Am Dienstag trafen sich Vertreter von ARD, ZDF und Bundesverband deutscher Zeitungsverleger (BDZV), um die Grenzen öffentlich-rechtlicher Online-Angebote abzustecken und sich einer möglichen Einigung im Streit um die Online-Auftritte der öffentlich-rechtlichen Sender anzunähern. Medienberichten zufolge haben ARD und ZDF im Zuge der außergerichtlichen Einigung vor, ihre Online-Angebote auf Audio- und Videobeiträge zu beschränken. Texte und Artikel sollen die öffentlich-rechtlichen Sender nur noch ausnahmsweise verwenden dürfen. Der Deutsche Journalisten Verband (DJV) spricht sich gegen eine solche Lösung aus. In einer Pressemitteilung warnt DJV-Bundesvorsitzender Michael Konken davor, »wesentliche Teile des öffentlich-rechtlichen Online-Angebots aufzugeben, nur um eine Kompromisslösung zu erreichen«. Konken spricht von einer »Amputation des eigenen Online-Journalismus«. Die öffentlich-rechtlichen Sender würden dadurch den Anforderungen an ihre journalistische Tätigkeit in diesem Feld nicht mehr gerecht. Der DJV appelliert an alle Beteiligten, sich gemeinsam zu einem Kompromiss durchzuringen, der journalistische Qualität auf allen Plattformen ermögliche.
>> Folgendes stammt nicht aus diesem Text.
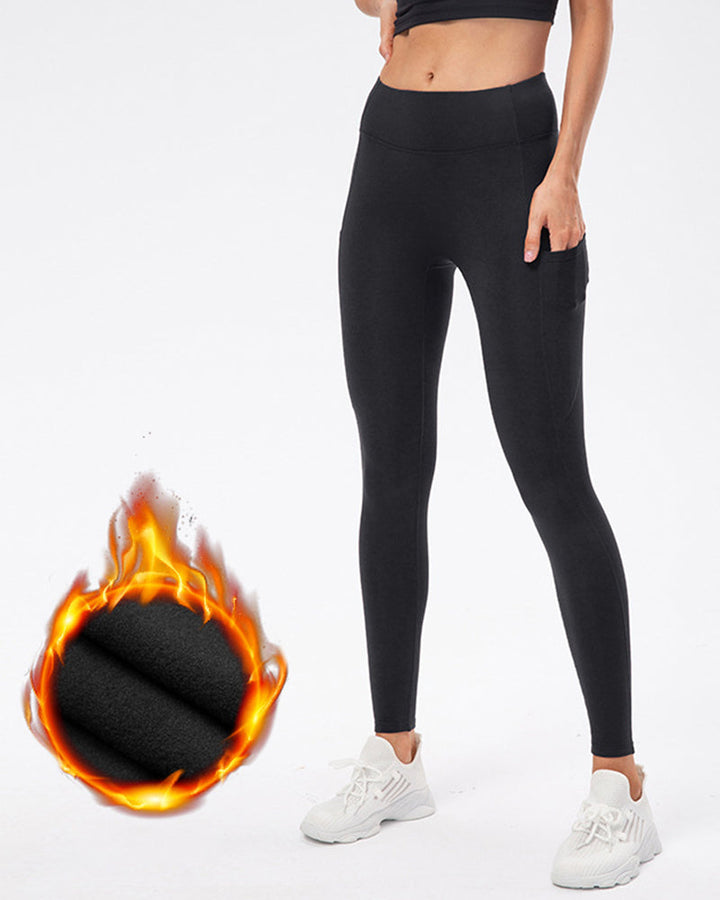 Legging de couleur unie avec poches en polaire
Auslöser der Auseinandersetzung der Verlage mit den Öffentlich-Rechtlichen war die kostenlose Tagesschau-App der ARD. Die Verlage klagten vor dem LG Köln mit der Begründung, das Online-Angebot der ARD sei überwiegend »presseähnlich« und verstoße daher gegen den Rundfunkstaatsvertrag (vgl. Meldung vom 13. Oktober 2011). Das LG Köln legte den Parteien eine außergerichtliche Einigung nahe, über die derzeit verhandelt wird. Bereits im Januar kündigte sich ein Kompromiss der Parteien an (vgl. Meldung vom 30. Januar 2012), die aber bei den Online-Verantwortlichten der ARD auf Widerstand stieß. Sie fürchteten, das vorgeschlagene Einigungspapier in Form einer gemeinsamen Erklärung werde negative Auswirkungen in den Bestand und die Entwicklung der ARD-Online-Angebote haben.